Data are the symbols characters or quantities, with which operations can be performed on a real or virtual computer or computerized system, and which may be transmitted and stored by way of electric signals, and documented on any recording media. Data may also be considered as information or characteristics (which are generally numerical or symbolic) which can be collected, processed, manipulated, transmitted or stored. Technically speaking, data is a set of values of quantitative or qualitative variables about single or multiple objects (or persons). A Data Base is a collection of data that is organized and stored in a form that makes retrieval, transmission, manipulation etc. possible inside the environment of the computerized system (cloud included). Data Bases render management easy. For example, the domestic electricity service provider uses a Data Base to manage and provide monthly billing, customer queries; problems and issues, and also to handle fault Data and restoration of power supply, amongst other matters. A typical Social Media, like Instagram or Facebook, needs to methodically store enormous masses of information related to Members, Member activities, friends of Members, Messages, and Advertisements and so on. An adult dating app has to store this information along with even more for matching. A hookup site like https://meetandfuck.co.uk utilizes massive amounts of various user data to match casual daters in real time. These are only some examples. The examples of uses of Data Bases in our daily life are too numerous to be listed here, and have contributed to a new science of DBMS (Data Base Management System).

Types of Data Bases

Data Bases are, in its simplest form containerized storage for Data. It could also be called a library of organized Data. Technically, Data Bases are computerized structures that store and save, organize and protect and transmit and deliver Data. A typical diagrammatic representation and symbol of a Data Base is a ‘Cylinder’. Following are the main different types of databases explained:

  • Relational Data Bases: These were most important in the 1980s, when the items of Data were organized tabularly, and displayed as arrays of columns and rows. This form of Structured Information allows highly accurate and speedy access to Data.
  • Object Oriented Data Bases: These Data Bases are organized around representations of objects.
  • Distributed Data Bases: Data Bases may, in this case, maybe located and stored in scattered physical locations, multiple computers and different Networks.
  • Data Warehouses: This form utilizes large centralized storage for Data in order to accommodate extremely fast analysis and query.
  • NoSQL Data Bases: These Data Bases took over from Relational Data Bases, as storage and manipulation of both Structured and Unstructured Data, side-by-side, became at once more common, and more complex. This is the most popular Data Base at present.
  • Graph Data Bases: These Data Bases store Data as entities and their relationships to each other.
  • OLTP Data Bases: This stands for Online Transactional Processing, and generally involves Inserting, Updating or Deleting small amounts of Data in a Data Base. OLTP is used to deal with large number of continuously upgraded transactions by a multiplicity of Users.

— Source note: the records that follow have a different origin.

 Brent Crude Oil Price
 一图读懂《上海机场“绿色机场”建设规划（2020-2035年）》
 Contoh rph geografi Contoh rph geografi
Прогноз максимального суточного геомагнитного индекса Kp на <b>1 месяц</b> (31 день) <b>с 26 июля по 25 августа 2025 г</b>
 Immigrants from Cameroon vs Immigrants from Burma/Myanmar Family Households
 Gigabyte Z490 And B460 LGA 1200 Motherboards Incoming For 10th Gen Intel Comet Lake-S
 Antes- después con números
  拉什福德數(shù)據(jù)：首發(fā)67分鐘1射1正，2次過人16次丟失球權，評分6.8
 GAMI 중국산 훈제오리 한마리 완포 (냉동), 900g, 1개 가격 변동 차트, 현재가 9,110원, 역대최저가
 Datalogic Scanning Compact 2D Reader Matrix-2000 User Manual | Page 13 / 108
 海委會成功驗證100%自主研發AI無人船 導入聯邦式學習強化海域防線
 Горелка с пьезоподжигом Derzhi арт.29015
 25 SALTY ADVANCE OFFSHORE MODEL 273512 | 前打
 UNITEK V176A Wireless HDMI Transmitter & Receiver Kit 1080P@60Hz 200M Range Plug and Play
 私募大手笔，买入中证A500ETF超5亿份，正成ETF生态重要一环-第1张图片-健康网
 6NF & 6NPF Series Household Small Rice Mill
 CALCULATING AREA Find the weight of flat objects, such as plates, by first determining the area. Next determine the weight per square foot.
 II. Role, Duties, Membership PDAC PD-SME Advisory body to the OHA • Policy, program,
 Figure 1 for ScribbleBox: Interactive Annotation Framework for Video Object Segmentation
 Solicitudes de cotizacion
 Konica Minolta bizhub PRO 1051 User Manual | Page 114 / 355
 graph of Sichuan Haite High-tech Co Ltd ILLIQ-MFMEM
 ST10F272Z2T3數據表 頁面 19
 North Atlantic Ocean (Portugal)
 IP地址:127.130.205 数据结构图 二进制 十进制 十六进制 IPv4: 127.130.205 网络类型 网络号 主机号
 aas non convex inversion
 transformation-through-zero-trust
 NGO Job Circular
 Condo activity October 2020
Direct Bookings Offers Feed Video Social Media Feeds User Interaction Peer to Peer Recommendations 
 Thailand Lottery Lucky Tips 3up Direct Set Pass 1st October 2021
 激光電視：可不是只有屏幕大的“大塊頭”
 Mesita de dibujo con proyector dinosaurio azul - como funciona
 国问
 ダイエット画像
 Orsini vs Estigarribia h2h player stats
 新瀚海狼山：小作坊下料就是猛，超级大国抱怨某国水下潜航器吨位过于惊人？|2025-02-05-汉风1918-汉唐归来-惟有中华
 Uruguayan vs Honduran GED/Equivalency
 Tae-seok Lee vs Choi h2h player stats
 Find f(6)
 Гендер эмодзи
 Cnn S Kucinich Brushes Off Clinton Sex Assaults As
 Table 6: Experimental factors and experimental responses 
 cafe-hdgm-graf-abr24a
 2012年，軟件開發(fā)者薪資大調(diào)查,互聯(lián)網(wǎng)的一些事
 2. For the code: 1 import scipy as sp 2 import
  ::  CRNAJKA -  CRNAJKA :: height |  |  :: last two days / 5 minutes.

Data Bases are often confused with Spreadsheets, but they are not the same thing. Both are convenient ways to store information. But Spreadsheets, such as, Microsoft Office Excel, is different from Data Bases, in the manner in which Data is stored and manipulated. Access to the Data, as well as the amount of Data that can be stored is also limited for Spreadsheets, which was originally designed for one User only. It is obvious from the set up of a typical Spreadsheet that it cannot handle more than a maximum number of Users, and allow manipulations that are too complicated. Data Bases on the other hand can store and absorb vast amounts of Data that are almost unlimited. They allow a multiplicity of Users to access the Data stored quickly and securely and manipulate this Data, with incredibly complicated manipulations, logic and language.